|  | 2025–26 Saint Peter's Peacocks men's basketball team |
- University: Saint Peter's University
- First season: 1930–31; 96 years ago
- Head coach: Bashir Mason (4th season)
- Location: Jersey City, New Jersey
- Arena: Run Baby Run Arena (capacity: 3,200)
- Conference: MAAC
- Nickname: Peacocks
- Colors: Blue and white

NCAA Division I tournament Elite Eight
- 2022
- Sweet Sixteen: 2022
- Appearances: 1991, 1995, 2011, 2022, 2024

Conference tournament champions
- 1991, 1995, 2011, 2022, 2024

Conference regular-season champions
- 1982, 1984, 1987 MCC: 1967, 1968, 1969

CIT tournament champions
- 2017

Uniforms
| Home | Away |

= Saint Peter's Peacocks men's basketball =

American college basketball team

The Saint Peter's Peacocks men's basketball team is the NCAA Division I intercollegiate men's basketball program that represents Saint Peter's University in Jersey City, New Jersey. The school's team competes in the Metro Atlantic Athletic Conference (MAAC) and plays their home games in Run Baby Run Arena.
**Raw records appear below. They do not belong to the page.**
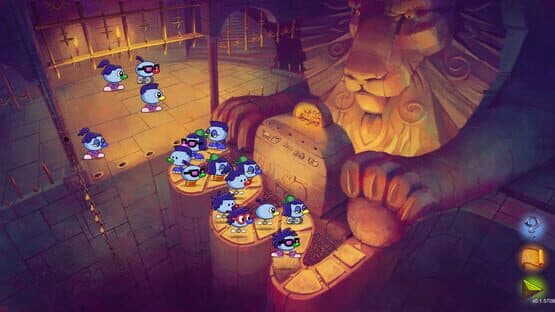 Zoombinis — screenshot 4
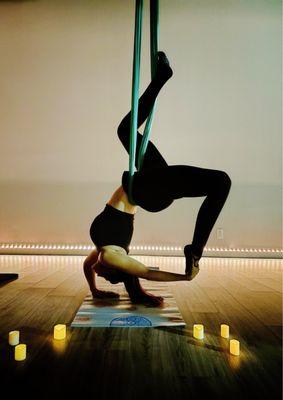 AIR Aerial Fitness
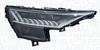 FARO SX LED MATRIX AUDI Q8 01/18> ZKW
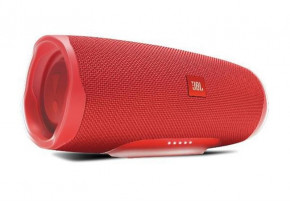   JBL Charge 4 Red (JBLCHARGE4RED)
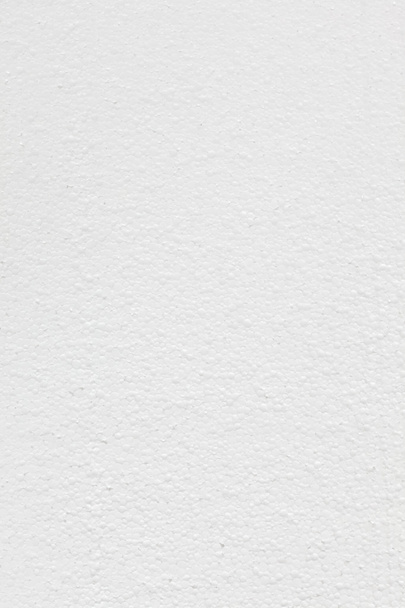 białe płótno tekstura tło styropian - Zdjęcie, obraz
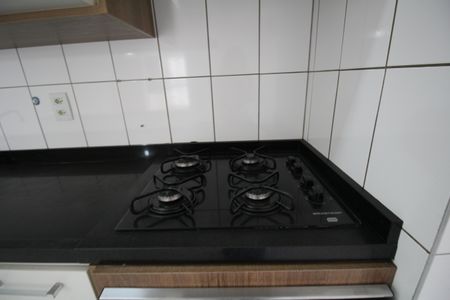 Apartamento à venda com 72m², 2 quartos e 2 vagasCozinha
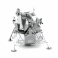 Metal Earth Apollo Lunar Module, 3D model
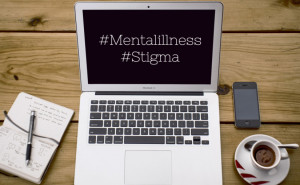 Mental illness Stigma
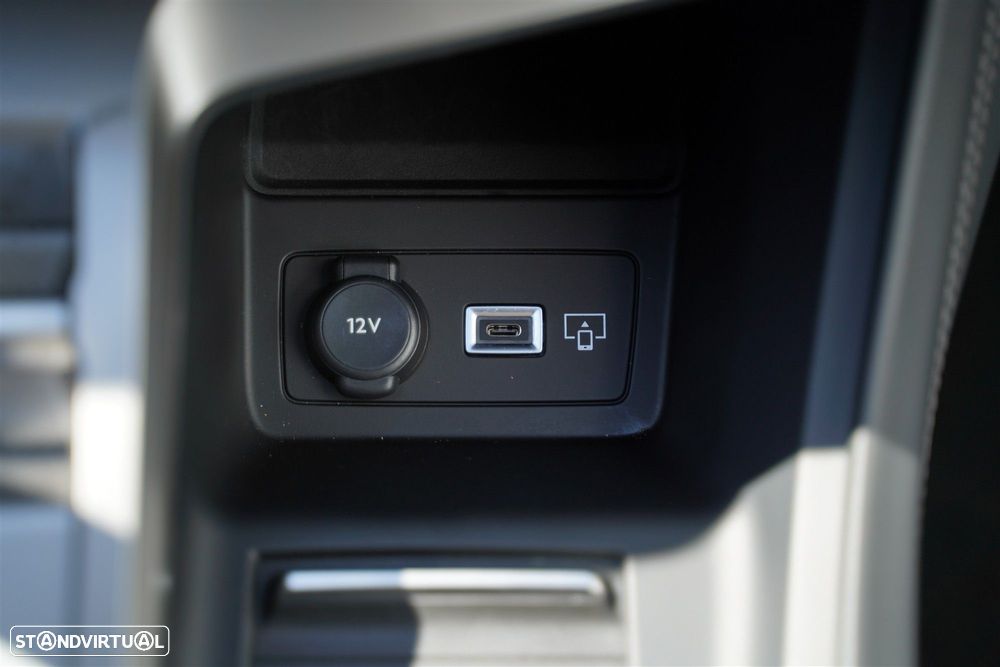 Peugeot 308 SW 1.2 PureTech Allure Pack EAT8 - 27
They are currently led by fourth-year head coach Bashir Mason, who was hired on April 12, 2022. The Peacocks have appeared in the NCAA tournament five times, including a historic run to the Elite Eight as a 15-seed in 2022 where they finished the season ranked No. 24 in the nation by the USA Today Coaches Poll with the best NCAA post-season run and the most wins by a MAAC program in a single NCAA tournament.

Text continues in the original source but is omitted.